Problem requirements →
Copy the data below exactly, but not the pictures it contains.

Recorded information →
##########

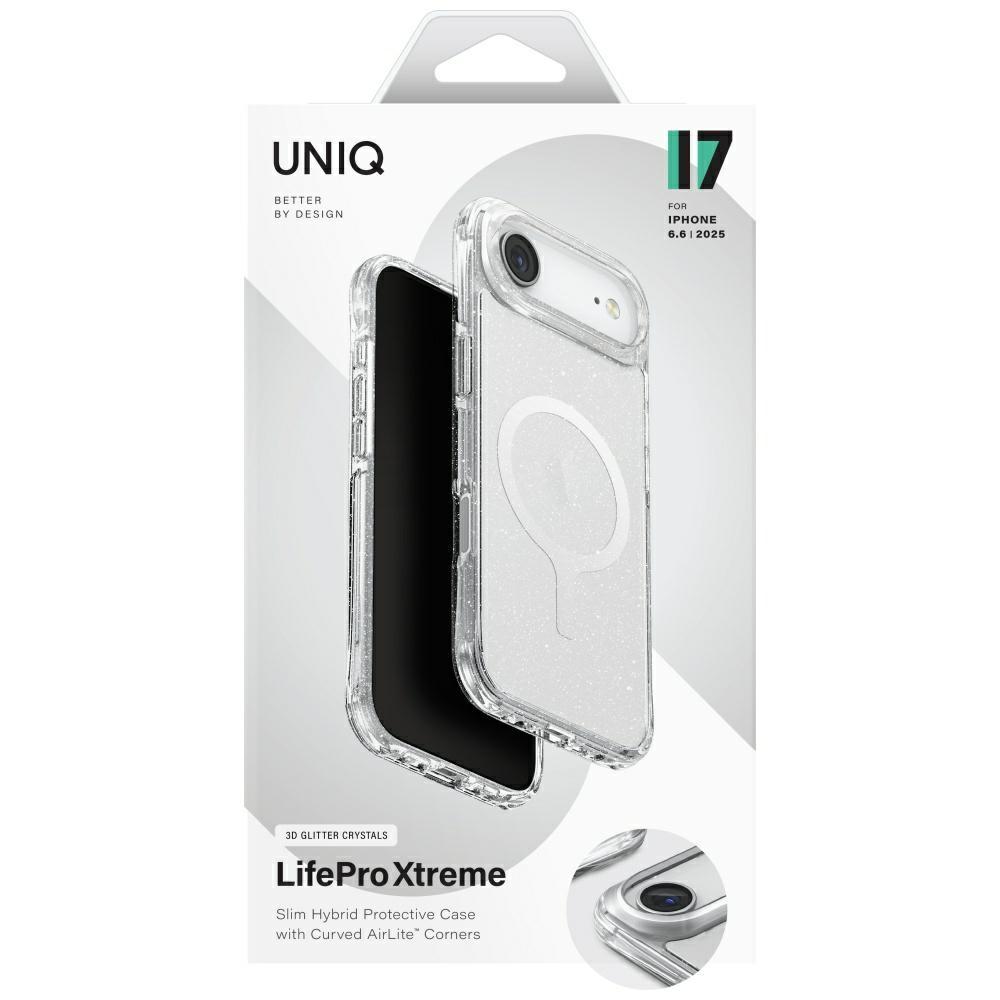 UNIQ LifePro Xtreme Case for iPhone Air Magclick Charging Clear/Glitter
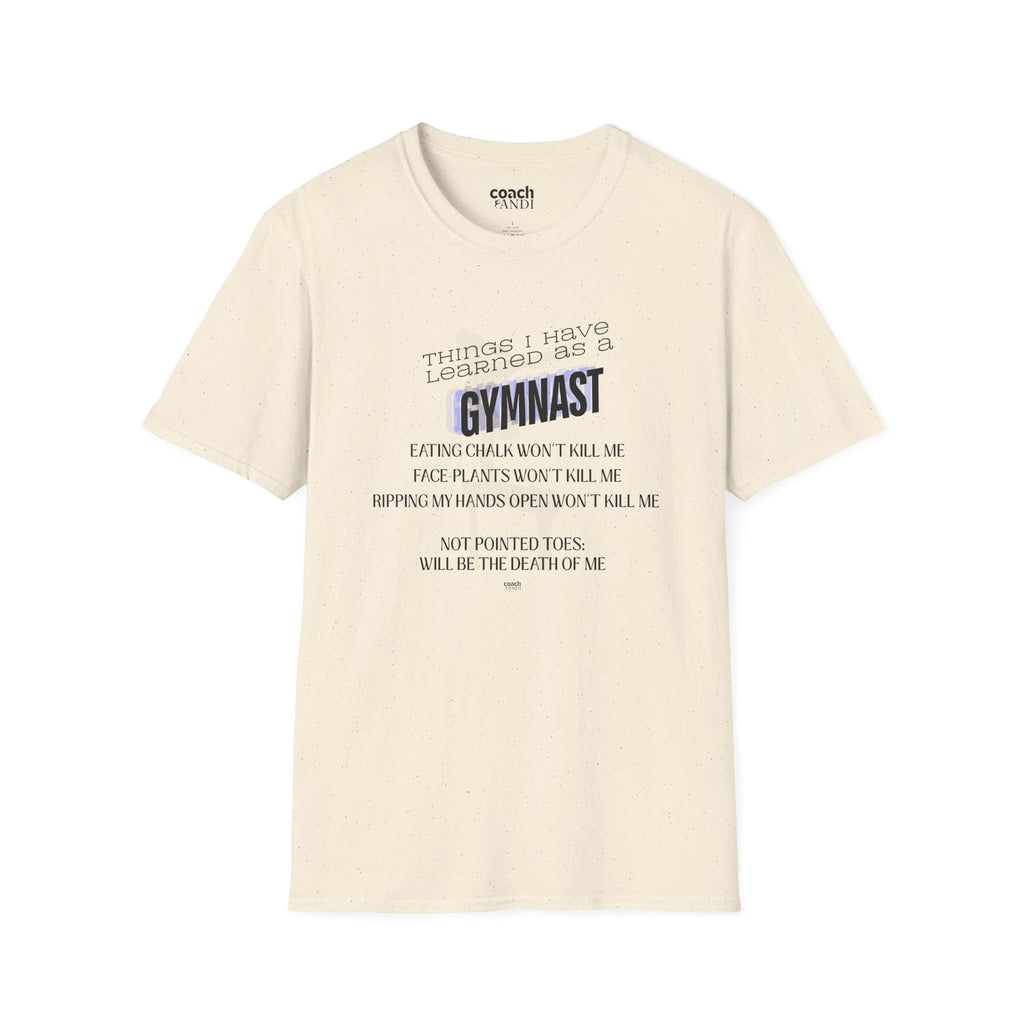 Things I Learned as a Gymnast Tshirt - Blue (Adult)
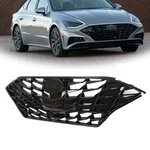 Front Upper Grille Black Plastic 86350L0700 Fit For Hyundai Sonata 2020-2021. Fixed Price $122.92.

##########

Result of this exercise →
 UNIQ LifePro Xtreme Case for iPhone Air Magclick Charging Clear/Glitter
 Things I Learned as a Gymnast Tshirt - Blue (Adult)
 Front Upper Grille Black Plastic 86350L0700 Fit For Hyundai Sonata 2020-2021. Fixed Price $122.92.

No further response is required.